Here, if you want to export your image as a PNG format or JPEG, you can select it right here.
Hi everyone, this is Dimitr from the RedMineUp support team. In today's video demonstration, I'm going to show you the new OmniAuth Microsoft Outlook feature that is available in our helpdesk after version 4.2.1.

==

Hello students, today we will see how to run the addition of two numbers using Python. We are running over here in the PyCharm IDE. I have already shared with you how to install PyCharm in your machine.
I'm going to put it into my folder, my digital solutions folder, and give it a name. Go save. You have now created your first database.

▶ _What to do_:
Each line containing "your" belongs in the answer; pick these out of the material and copy them.

▶ _Task solution_:
Here, if you want to export your image as a PNG format or JPEG, you can select it right here.
Hello students, today we will see how to run the addition of two numbers using Python. We are running over here in the PyCharm IDE. I have already shared with you how to install PyCharm in your machine.
I'm going to put it into my folder, my digital solutions folder, and give it a name. Go save. You have now created your first database.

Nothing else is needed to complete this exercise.